Gute Marketing-Möglichkeiten bieten sich natürlich durch die verschiedenen Facebook-Elemente wie das Gründen einer Gruppe, das Anlegen von Unternehmensseiten oder das Schalten von Facebook-Anzeigen. Für die Suchmaschinenoptimierung mit Facebook, also das SEO, müssen wir allerdings anders denken.
Der erste Blick bei der Suchmaschinenoptimierung fällt natürlich auf die URL. Wenn Sie ein Profil zum Beispiel unter www.facebook.com/holger.hogeluecht erreichen, ist das natürlich eine gute Voraussetzung, um auch unter dem Namen in Suchmaschinen wie Google gefunden zu werden. Ebenso funktioniert das bei der Unternehmensseite. Allerdings hat Facebook vor diesen Erfolg die Arbeit gesetzt: Um diese so genannte Vanity-URL zu bekommen, müssen Sie 25 Freunde (beim Profil) oder 25 Fans (bei der Unternehmensseite) haben. Vorher haben Sie die kryptische Darstellung mit undurchsichtigen Zeichenfolgen, die Ihnen nichts nützt. Wenn Sie diese Voraussetzung erfüllen, können Sie unter www.facebook.com/username den Wunschnamen festlegen.
Was passiert, wenn Sie das getan haben? Wenn nach dem entsprechenden Namen gesucht wird, dann kann der auch unter den Suchergebnissen in Google oder anderen Suchmaschinen erschienen.

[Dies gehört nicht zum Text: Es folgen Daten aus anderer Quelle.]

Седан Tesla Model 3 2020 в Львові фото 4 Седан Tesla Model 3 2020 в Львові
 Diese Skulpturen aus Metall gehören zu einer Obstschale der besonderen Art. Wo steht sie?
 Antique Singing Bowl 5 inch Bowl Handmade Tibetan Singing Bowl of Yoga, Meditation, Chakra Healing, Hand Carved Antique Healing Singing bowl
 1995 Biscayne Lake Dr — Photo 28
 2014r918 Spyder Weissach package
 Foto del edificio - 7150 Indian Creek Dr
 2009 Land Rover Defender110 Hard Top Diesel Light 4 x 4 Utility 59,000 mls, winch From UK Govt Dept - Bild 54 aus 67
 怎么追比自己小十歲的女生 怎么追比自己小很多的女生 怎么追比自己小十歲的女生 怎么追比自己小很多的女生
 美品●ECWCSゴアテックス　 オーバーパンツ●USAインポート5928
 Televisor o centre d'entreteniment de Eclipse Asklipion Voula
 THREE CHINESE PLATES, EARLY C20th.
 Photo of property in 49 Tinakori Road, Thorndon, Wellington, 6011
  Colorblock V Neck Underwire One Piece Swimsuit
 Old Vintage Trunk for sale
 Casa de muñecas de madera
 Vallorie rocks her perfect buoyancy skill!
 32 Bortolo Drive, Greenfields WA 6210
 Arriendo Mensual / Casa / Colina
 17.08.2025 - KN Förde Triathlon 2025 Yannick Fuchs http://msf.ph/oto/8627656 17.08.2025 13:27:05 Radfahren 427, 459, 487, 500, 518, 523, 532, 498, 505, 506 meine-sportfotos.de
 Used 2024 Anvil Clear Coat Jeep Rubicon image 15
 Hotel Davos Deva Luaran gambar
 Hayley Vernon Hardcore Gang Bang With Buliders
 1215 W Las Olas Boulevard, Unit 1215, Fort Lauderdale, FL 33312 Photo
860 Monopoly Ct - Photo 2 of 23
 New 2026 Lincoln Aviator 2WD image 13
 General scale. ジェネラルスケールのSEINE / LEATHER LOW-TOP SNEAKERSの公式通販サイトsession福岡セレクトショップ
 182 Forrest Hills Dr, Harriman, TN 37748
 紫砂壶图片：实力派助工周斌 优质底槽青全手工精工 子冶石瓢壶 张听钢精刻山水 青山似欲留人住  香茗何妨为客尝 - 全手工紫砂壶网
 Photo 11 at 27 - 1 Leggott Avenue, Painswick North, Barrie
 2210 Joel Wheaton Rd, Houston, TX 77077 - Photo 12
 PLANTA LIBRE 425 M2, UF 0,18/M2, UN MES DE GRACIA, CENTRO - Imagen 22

Wenn Sie jetzt viele Freunde haben und der Name entsprechend oft bei Facebook verlinkt wird, könnte man glauben, dass Google die alle verfolgt. Genau das geschieht aber nicht. Es handelt sich hierbei nämlich um so genannte „No-Follow-Links“, sie können also von Google nicht verfolgt werden. Das heißt: Die werden auch nicht als Backlinks auf die eigene Website gewertet, um deren Pagrank zu optimieren. Der Aufbau von Links für die Suchmaschinenoptimierung geschieht indirekt. Heißt: Suchmaschinenoptimierung mit Facebook betreiben Sie, in dem Sie guten Content auf Ihrer Website präsentieren, der von anderen Facebook-Usern weiterverlinkt wird (viraler Effekt), auch wenn diese Links dann ebenfalls nicht von Google indiziert werden. Aber über diese Links kommen Leute auf dem Weg über Ihre Facebook-Unternehmensseite auf Ihre Website oder Ihren Blog, Sie haben also anstatt über Suchmaschinen die Besucher Ihrer Website über Facebook erhalten. Logisch ist: Je besser Ihre Inhalte, desto höher das Interesse!
Was Sie aber in Sachen Suchmaschinenoptimierung mit Facebook machen sollten: Facebook selbst optimieren. Sie können nämlich vergleichbar zu jeder anderen Website auch Ihre Facebook-Seiten für Suchmaschinen optimieren! So können Sie zum Beispiel bei der Wahl der passenden Vanity-URL (ab 25 Fans) neben dem Firmennamen auch das wichtigste Suchwort zusätzlich wählen. Oder das Produkt, das Sie vermarkten. Hier haben Sie freie Wahl, wenn der Name noch nicht vergeben ist.
Weitere Methoden der Suchmaschinenoptimierung mit Facebook: Fügen Sie in die Texte der Facebook-Seite Ihre wichtigsten Keywords ein, empfohlen ist eine Keywordsichte von drei bis sieben Prozent. Weiterhin sinnvoll: Wenn Sie von außen, also zum Beispiel Ihrer Website, auf Ihre Facebook-Seite verlinken, schreiben Sie als Linktext ebenfalls ihr Hauptkeyword. Und natürlich in die Vanity-URL. Ebenfalls äußerst wirkungsvoll ist es, die Funktion Notizen regelmäßig mit Notizen zu den Keywords und Links auf Ihre Website zu füllen. Und schließlich empfehlen Experten noch, die Funktion „Diskussionen“ zu nutzen. Starten Sie Diskussionen, die Ihre Hauptkeywords enthalten. Wenn Diskussion mit diesen Keywords entsteht, umso besser für Sie!
Diese grundsätzlichen Methoden der Suchmaschinenoptimierung mit Facebook unterstützen Sie, um mit Ihren Keywords in den Suchmaschinen gefunden zu werden. Und wenn es Ihnen gelingt, mit Ihren Seiten bei Facebook, Twitter, Xing und vielleicht noch Ihrem Blog und Youtube in Google gelistet zu sein, um so besser für Sie! Ein Unternehmen, das über so viele Wege erreichbar ist, bekommt zwangsläufig viele Klicks und erweist sich als absolut kompetent und interessant!